[Image-text web data]
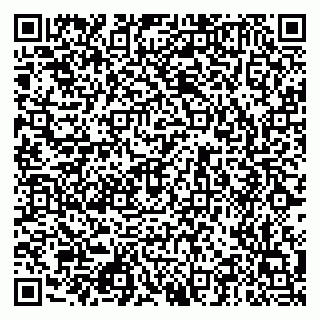 vCard 79512535091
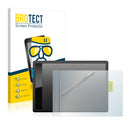 BROTECT AirGlass Glass Screen Protector for Wacom One m CTL-671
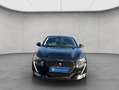 Peugeot 208 Elektromotor 136 Allure Pack NAVI+SHZ Nero - thumbnail 10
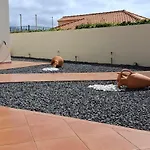 Moradia Bela House * Santa Cruz (Madeira)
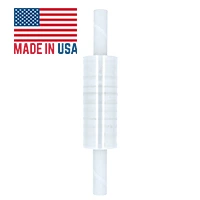 Made In USA Pallet Film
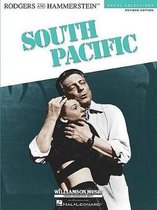 South Pacific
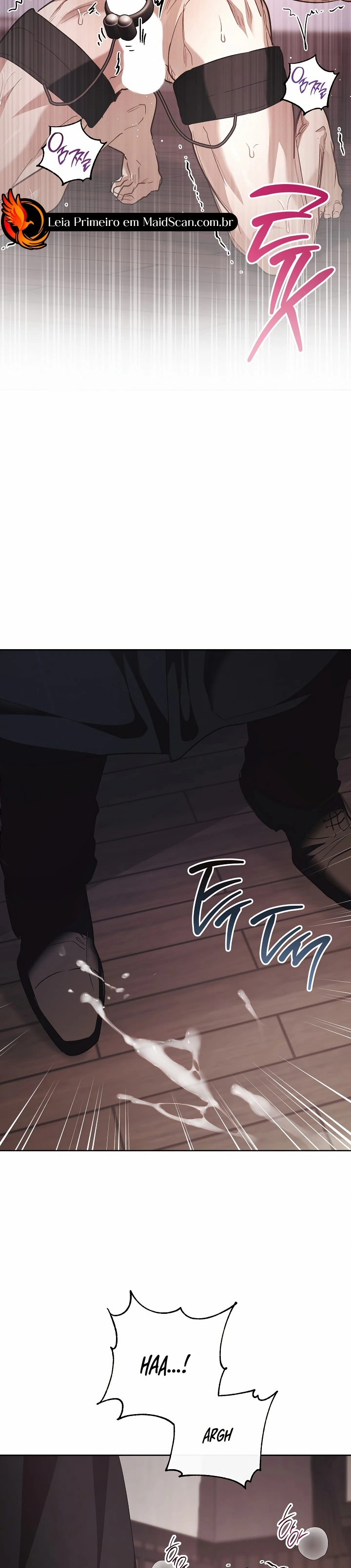Ler Faça-me Chorar Capitulo 7 Page 50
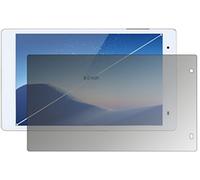 dipos Pellicola Privacy per Lenovo Xiaoxin TB 8804F
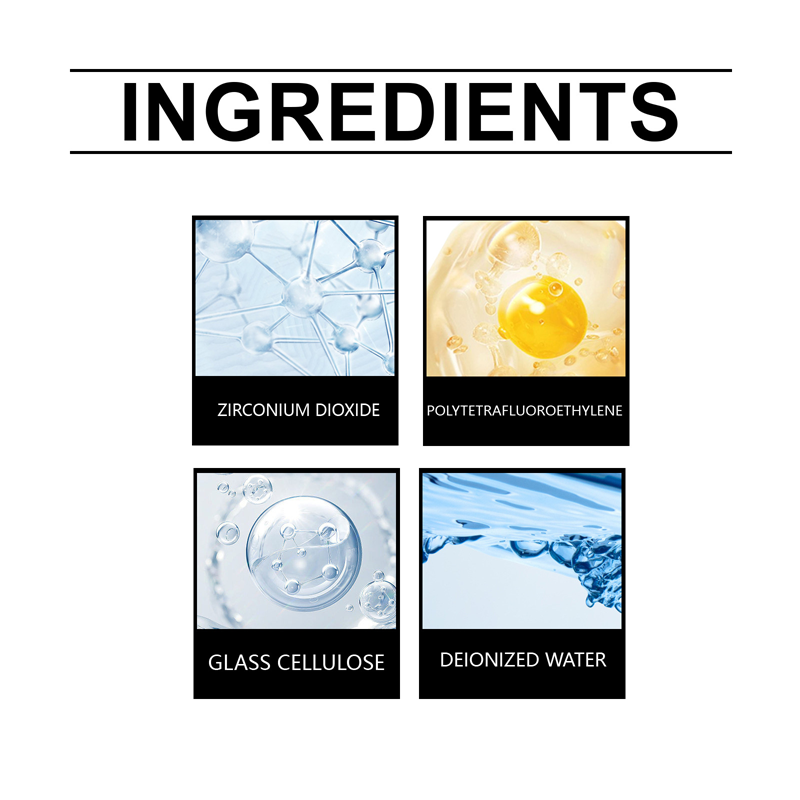 💧 No-Rinse Car Interior Cleaner & Polish – Multifunctional Quick Shine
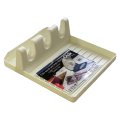 BSF-00893WT                                                                                                                                                                                                                      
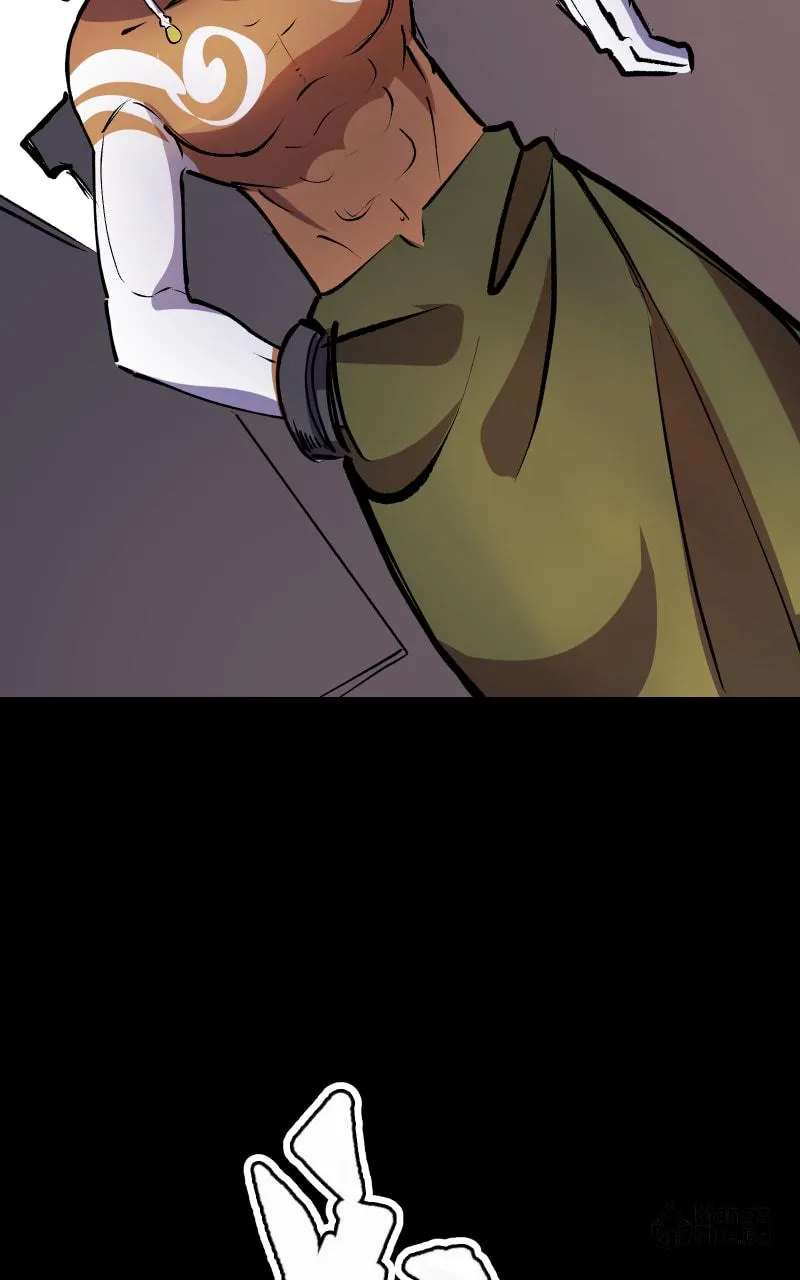 Just a Goblin Chapter 82 page 15 -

# ACTIVITY
The required output is the lines from the one containing "Multifunctional Quick Shine" through the end of the records above, reproduced exactly, with no pictures.

# ANSWER SECTION
 💧 No-Rinse Car Interior Cleaner & Polish – Multifunctional Quick Shine
 BSF-00893WT                                                                                                                                                                                                                      
 Just a Goblin Chapter 82 page 15 -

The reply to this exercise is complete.